◆ Given records
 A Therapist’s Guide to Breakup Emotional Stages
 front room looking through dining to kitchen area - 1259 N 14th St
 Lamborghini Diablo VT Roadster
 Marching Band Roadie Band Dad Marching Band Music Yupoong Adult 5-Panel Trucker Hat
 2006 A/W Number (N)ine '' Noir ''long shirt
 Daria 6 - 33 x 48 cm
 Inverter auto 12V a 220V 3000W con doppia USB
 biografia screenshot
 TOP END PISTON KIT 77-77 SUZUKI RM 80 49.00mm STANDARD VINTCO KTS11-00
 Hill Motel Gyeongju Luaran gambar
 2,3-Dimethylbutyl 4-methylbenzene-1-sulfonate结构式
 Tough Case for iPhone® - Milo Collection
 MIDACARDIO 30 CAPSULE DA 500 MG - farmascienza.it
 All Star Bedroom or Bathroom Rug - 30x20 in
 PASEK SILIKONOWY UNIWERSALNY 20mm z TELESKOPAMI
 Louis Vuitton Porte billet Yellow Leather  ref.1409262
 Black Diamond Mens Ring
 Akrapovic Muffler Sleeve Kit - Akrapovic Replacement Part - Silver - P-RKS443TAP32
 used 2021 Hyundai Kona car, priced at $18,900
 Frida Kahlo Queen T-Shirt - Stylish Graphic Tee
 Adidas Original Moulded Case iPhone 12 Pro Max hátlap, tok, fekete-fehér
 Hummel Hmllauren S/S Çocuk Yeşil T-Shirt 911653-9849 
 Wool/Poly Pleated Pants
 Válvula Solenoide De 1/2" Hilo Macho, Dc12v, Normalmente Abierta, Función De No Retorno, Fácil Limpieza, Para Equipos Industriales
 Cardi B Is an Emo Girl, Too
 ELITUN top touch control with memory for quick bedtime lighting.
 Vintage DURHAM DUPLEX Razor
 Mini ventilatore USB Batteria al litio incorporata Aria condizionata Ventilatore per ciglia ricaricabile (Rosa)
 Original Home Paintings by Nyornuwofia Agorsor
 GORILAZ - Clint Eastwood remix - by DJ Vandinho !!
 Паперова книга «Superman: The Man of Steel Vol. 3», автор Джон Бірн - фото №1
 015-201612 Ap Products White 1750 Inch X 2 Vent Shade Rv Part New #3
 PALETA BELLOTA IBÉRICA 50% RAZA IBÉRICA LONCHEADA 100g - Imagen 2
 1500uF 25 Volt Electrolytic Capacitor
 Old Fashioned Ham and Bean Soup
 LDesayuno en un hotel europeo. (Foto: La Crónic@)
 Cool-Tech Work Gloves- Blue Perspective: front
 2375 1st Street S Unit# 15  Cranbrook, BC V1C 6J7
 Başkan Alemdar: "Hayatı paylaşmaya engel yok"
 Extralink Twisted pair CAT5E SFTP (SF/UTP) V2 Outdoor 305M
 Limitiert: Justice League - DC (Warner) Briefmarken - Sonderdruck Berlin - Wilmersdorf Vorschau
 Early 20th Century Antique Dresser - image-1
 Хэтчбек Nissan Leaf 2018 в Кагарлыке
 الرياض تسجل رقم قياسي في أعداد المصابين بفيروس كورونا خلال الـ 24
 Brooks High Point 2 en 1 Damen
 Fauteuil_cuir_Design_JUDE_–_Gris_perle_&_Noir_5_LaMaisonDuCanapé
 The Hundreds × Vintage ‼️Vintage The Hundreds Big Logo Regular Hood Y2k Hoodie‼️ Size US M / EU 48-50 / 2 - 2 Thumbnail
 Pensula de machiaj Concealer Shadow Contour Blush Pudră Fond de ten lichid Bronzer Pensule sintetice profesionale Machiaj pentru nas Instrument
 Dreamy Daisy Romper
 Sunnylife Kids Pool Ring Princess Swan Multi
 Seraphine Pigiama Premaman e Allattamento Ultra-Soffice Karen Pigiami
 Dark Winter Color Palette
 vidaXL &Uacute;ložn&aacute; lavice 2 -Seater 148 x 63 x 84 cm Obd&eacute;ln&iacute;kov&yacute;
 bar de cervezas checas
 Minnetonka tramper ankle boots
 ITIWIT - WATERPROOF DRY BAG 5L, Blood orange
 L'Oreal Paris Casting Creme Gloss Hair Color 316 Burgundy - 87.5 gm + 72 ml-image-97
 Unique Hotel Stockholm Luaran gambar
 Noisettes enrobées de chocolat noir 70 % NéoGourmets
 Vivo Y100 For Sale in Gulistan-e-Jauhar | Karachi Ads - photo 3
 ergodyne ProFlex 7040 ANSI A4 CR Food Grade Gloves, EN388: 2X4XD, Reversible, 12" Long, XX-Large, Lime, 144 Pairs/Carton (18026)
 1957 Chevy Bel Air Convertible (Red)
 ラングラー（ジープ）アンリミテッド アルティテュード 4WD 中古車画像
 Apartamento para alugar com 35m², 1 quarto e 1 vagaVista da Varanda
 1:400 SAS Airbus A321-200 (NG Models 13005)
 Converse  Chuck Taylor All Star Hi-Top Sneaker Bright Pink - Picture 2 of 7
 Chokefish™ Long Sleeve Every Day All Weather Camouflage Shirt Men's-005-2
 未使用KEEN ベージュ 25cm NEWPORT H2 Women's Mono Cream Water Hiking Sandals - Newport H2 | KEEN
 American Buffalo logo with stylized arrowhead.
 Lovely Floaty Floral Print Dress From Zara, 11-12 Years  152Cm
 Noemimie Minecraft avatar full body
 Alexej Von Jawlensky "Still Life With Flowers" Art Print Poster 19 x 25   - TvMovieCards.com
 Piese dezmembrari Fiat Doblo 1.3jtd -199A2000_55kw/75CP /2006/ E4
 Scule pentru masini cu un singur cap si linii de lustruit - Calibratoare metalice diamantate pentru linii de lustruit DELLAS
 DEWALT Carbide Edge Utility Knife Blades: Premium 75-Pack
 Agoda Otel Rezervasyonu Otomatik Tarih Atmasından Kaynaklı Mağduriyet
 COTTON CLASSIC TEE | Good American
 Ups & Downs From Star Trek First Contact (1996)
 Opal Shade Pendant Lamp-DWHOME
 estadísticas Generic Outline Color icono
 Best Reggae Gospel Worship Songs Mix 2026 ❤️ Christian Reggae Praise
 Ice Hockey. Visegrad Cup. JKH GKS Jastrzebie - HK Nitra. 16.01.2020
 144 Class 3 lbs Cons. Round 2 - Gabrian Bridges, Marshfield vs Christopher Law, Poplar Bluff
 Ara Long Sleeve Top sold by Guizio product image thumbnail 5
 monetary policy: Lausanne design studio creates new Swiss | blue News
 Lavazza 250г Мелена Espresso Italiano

◆ Task goal
If a line in the data above holds the string "Gloves", report that line.

◆ Task output
 Cool-Tech Work Gloves- Blue Perspective: front
 ergodyne ProFlex 7040 ANSI A4 CR Food Grade Gloves, EN388: 2X4XD, Reversible, 12" Long, XX-Large, Lime, 144 Pairs/Carton (18026)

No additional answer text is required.